Author: Vytautas Kasiulis (1918–1995)
Created:ca 1944
Material:hardboard
Technique:oil
Dimensions:77.50 × 99.50 cm
Signature:

unsigned

Vytautas Kasiulis (19181995) made his artistic debut during the Second World War. A solo exhibition of his work in 1943 at the Vytautas Magnus Culture Museum in Kaunas aroused great interest. One of the reasons for his success was his contemporaries’ hope that he would be able to lay the foundations for the long-awaited Lithuanian school of academic painting. In fact, for some time he persistently followed the road of retrospectivism. He studied the 17th-century artistic heritage carefully. One of the results of his efforts was his discovery of a way to depict a figure from several sides on a two-dimensional plane with the help of a mirror.
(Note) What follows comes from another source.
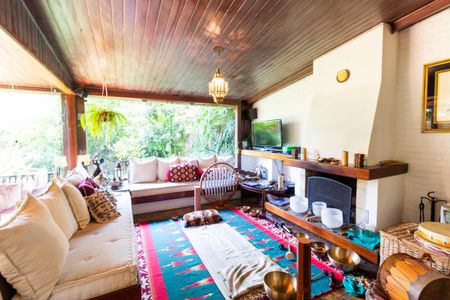 Casa à venda com 400m², 3 quartos e 4 vagas Casa à venda com 400m², 3 quartos e 4 vagasSala 2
He tried this method on himself first (in around 1943, he painted a self-portrait in front of a mirror; the work is now in the collection of the Lithuanian Theatre, Music and Cinema Museum), and then he applied it to others. When painting Nude woman, he painted a window that was reflected in the mirror, and the view through it. This detail deepens the illusory space of the picture, and introduces some life and some optimism into a static and gloomy scene.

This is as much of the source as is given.